■ RECORDS SHOWN ■
"""

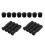 16 Pieces Octagonal Handles and Safety End Caps Standard Foosball Tables 5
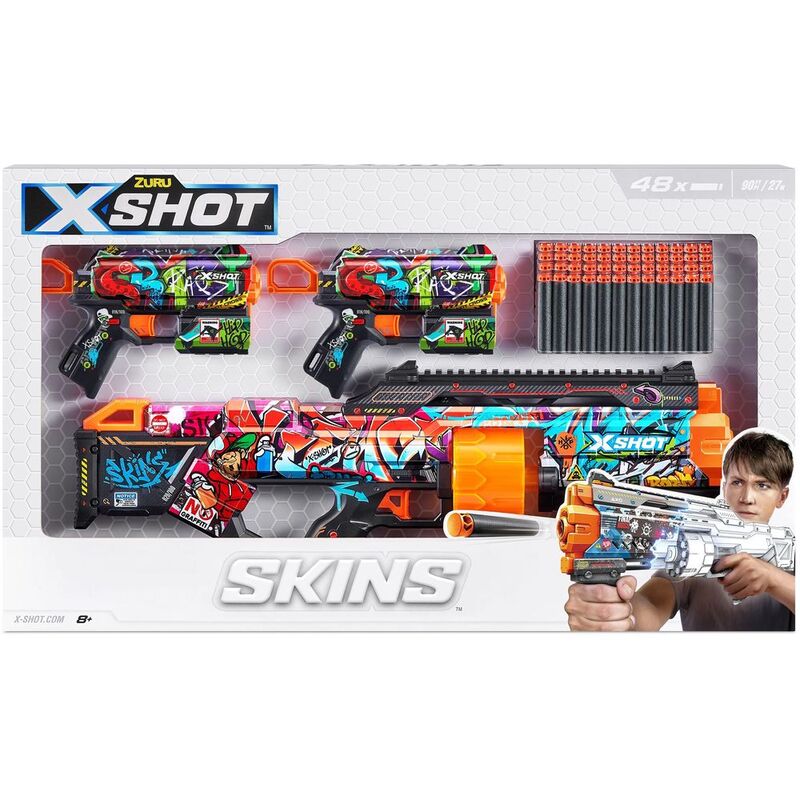 X-Shot Skins Mix Combo Pack Last Stand & Flux Blasters (Pack of 2) X-Shot Skins Mix Combo Pack Last Stand & Flux Blasters (Pack of 2)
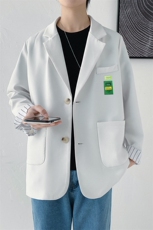 小西装男士春秋季痞帅学院风dk制服宽松休闲单西服外套男XZ03-P80，男装西服，星座505-3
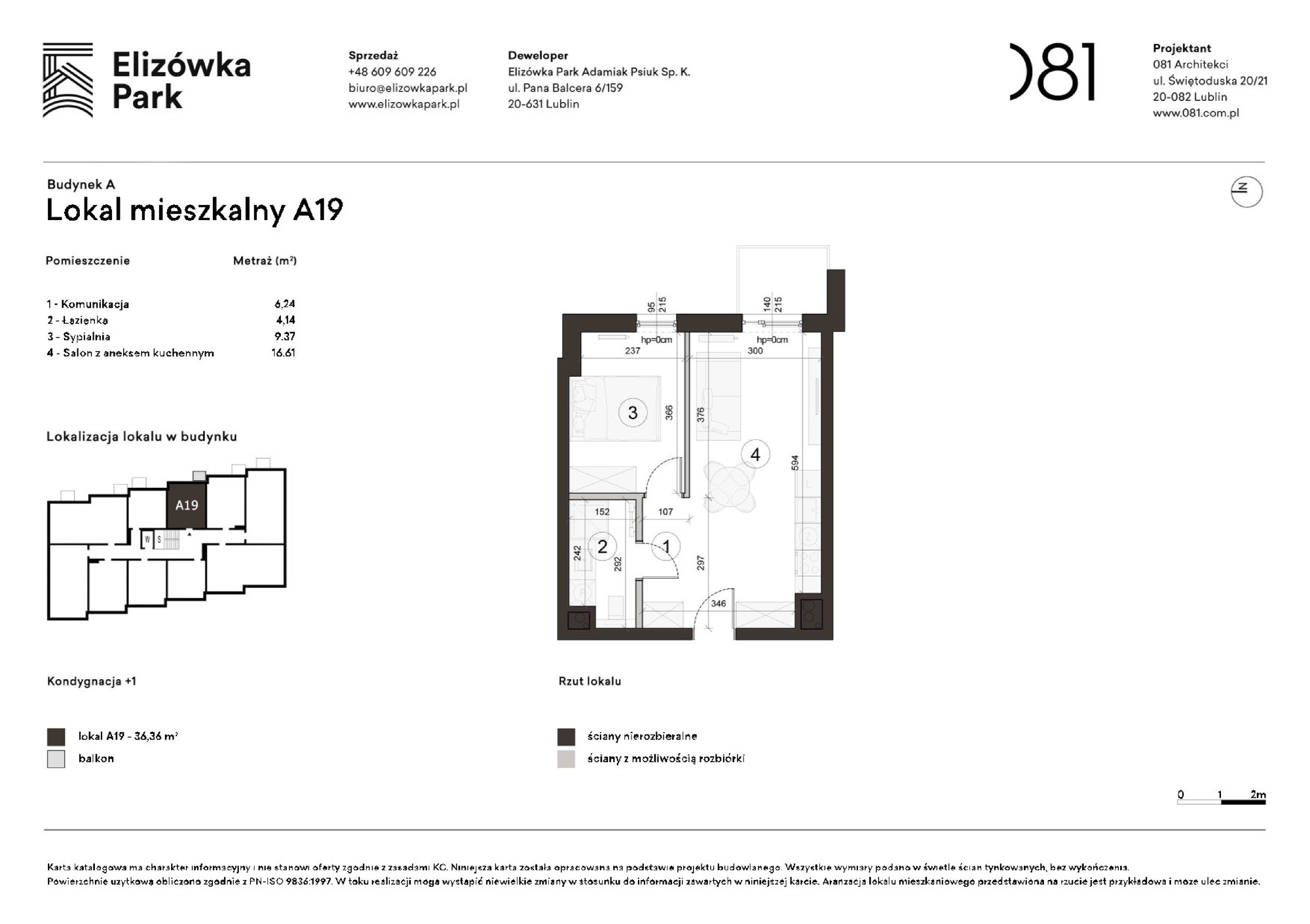 2 pokoje dom, 36,36 m², piętro: 1 – Elizówka Park
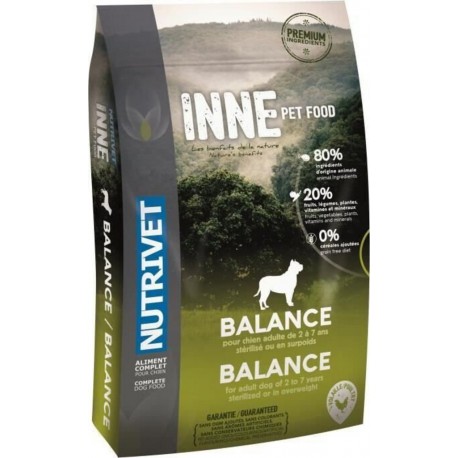 Nutrivet Croquettes Au Poulet Inne Balance Pour Chien Adulte Stéril la bouteille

"""

From the top of the listing above, repeat each line exactly until you reach the line containing "2 pokoje dom, 36,36", and repeat that one too. Leave the pictures out.

 16 Pieces Octagonal Handles and Safety End Caps Standard Foosball Tables 5
 X-Shot Skins Mix Combo Pack Last Stand & Flux Blasters (Pack of 2) X-Shot Skins Mix Combo Pack Last Stand & Flux Blasters (Pack of 2)
 小西装男士春秋季痞帅学院风dk制服宽松休闲单西服外套男XZ03-P80，男装西服，星座505-3
 2 pokoje dom, 36,36 m², piętro: 1 – Elizówka Park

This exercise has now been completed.